==== Provided records ====

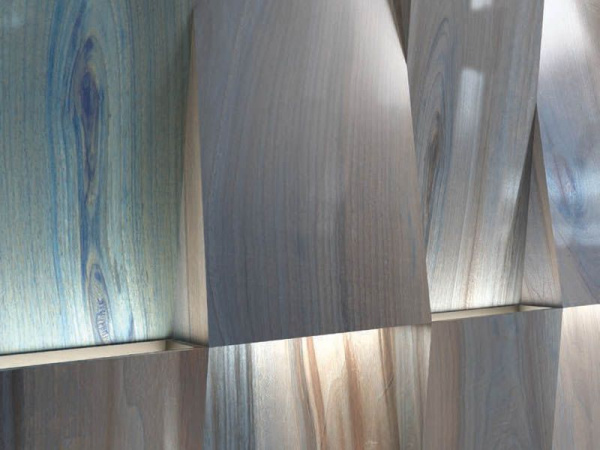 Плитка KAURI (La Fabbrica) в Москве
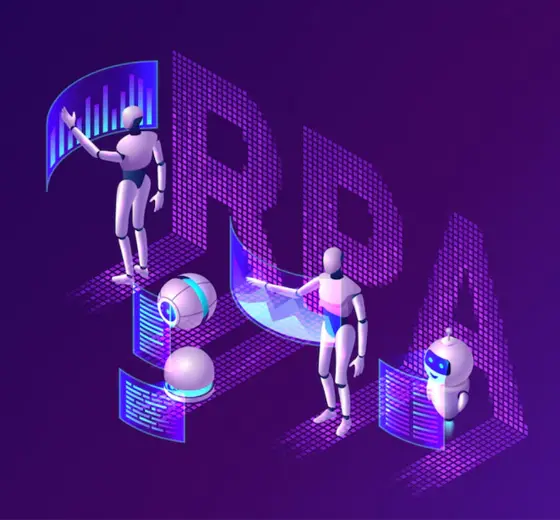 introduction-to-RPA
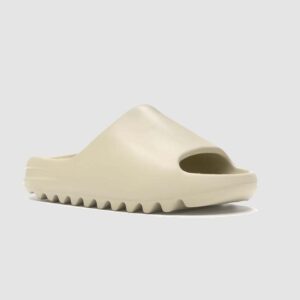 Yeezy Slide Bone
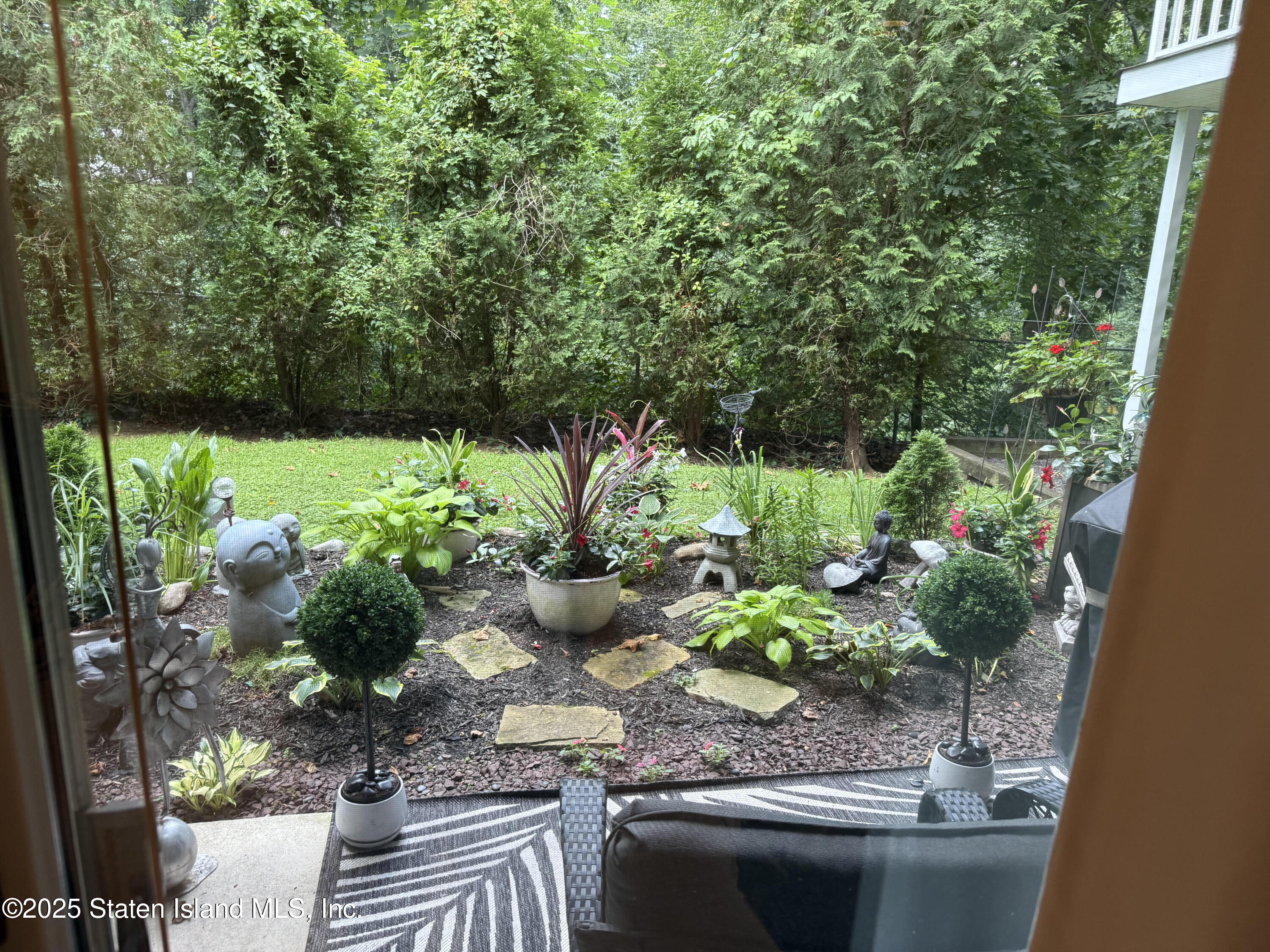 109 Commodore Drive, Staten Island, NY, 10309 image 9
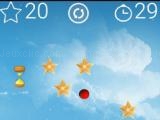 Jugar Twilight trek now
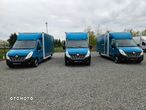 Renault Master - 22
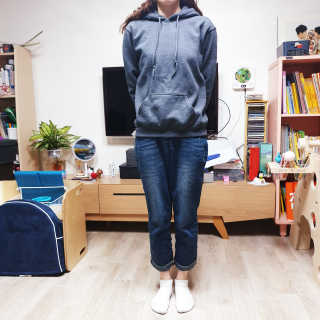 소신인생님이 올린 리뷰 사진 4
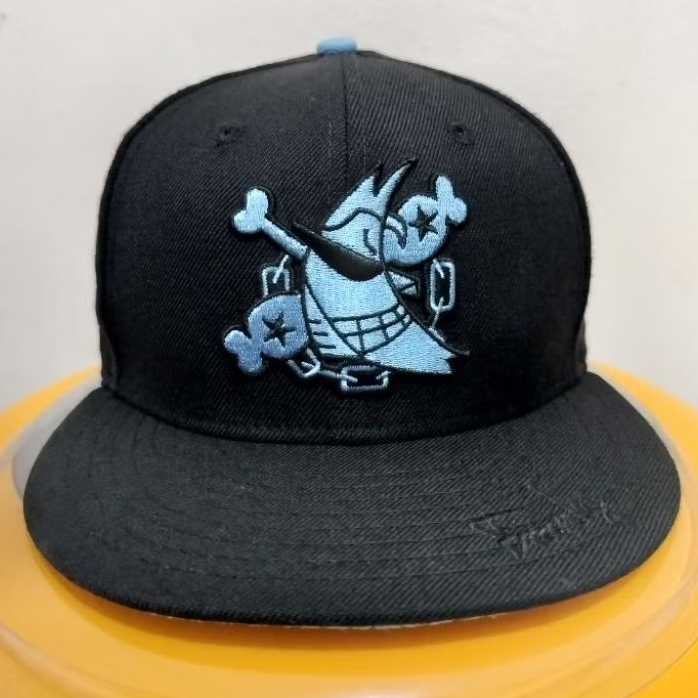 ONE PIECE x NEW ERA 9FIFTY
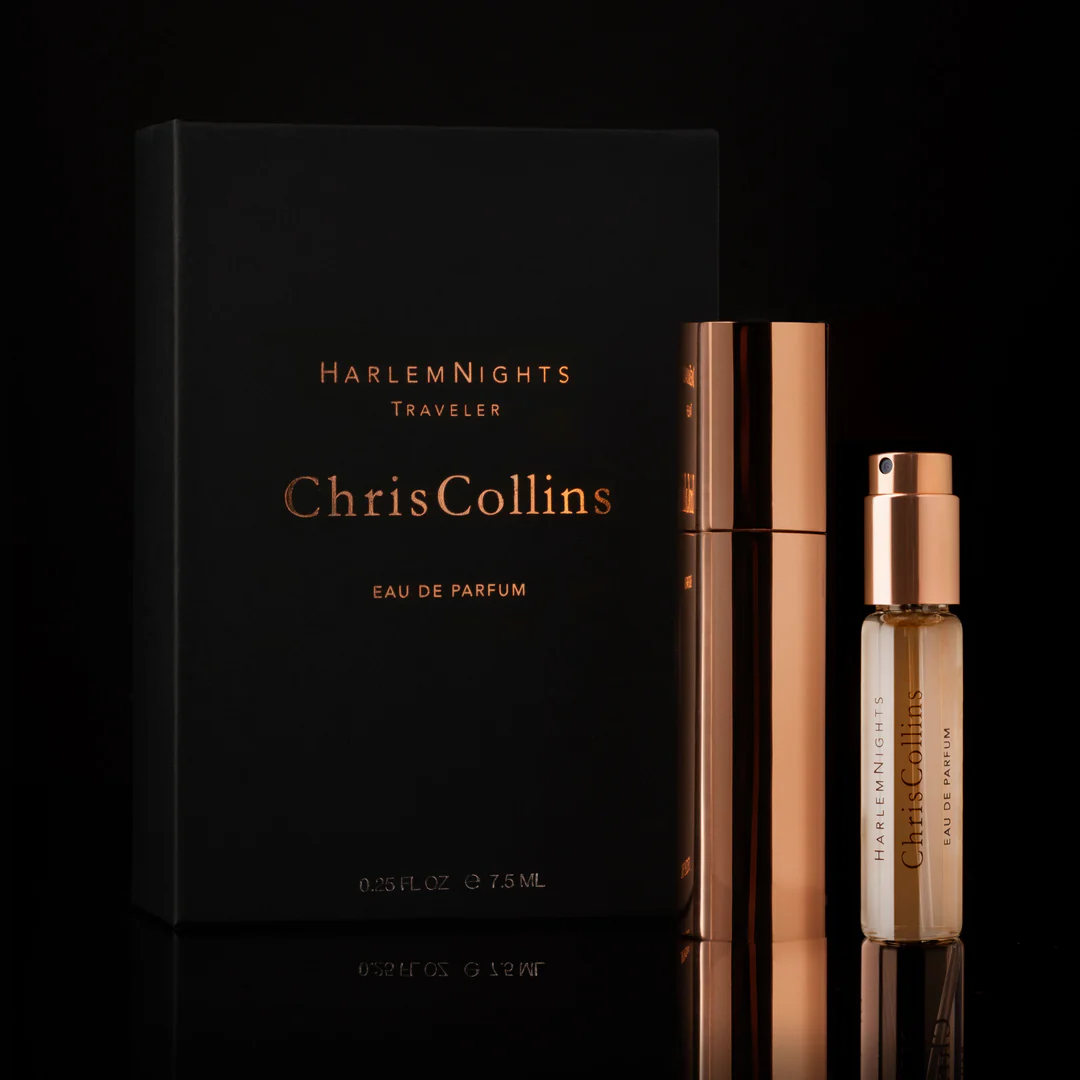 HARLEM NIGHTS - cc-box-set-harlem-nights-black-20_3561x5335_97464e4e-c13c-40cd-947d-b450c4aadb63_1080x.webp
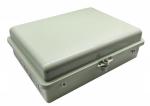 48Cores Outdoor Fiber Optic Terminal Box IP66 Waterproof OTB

====
==== Provided records ====

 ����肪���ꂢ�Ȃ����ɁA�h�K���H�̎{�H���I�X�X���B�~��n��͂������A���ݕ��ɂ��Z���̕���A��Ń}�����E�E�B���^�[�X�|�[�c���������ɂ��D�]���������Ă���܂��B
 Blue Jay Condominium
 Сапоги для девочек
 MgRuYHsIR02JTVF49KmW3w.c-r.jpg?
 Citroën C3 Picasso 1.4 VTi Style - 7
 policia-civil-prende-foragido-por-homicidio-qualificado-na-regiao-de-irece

====
==== Provided records ====

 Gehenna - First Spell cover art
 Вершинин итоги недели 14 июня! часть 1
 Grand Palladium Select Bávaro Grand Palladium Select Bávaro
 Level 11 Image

====

= Your task =
In the records above, find the line with "Плитка KAURI (La Fabbrica) в Москве" and the line with "48Cores Outdoor Fiber", then restate word for word only those two lines and all lines between, omitting pictures.

= Expected answer =
 Плитка KAURI (La Fabbrica) в Москве
 introduction-to-RPA
 Yeezy Slide Bone
 109 Commodore Drive, Staten Island, NY, 10309 image 9
 Jugar Twilight trek now
 Renault Master - 22
 소신인생님이 올린 리뷰 사진 4
 ONE PIECE x NEW ERA 9FIFTY
 HARLEM NIGHTS - cc-box-set-harlem-nights-black-20_3561x5335_97464e4e-c13c-40cd-947d-b450c4aadb63_1080x.webp
 48Cores Outdoor Fiber Optic Terminal Box IP66 Waterproof OTB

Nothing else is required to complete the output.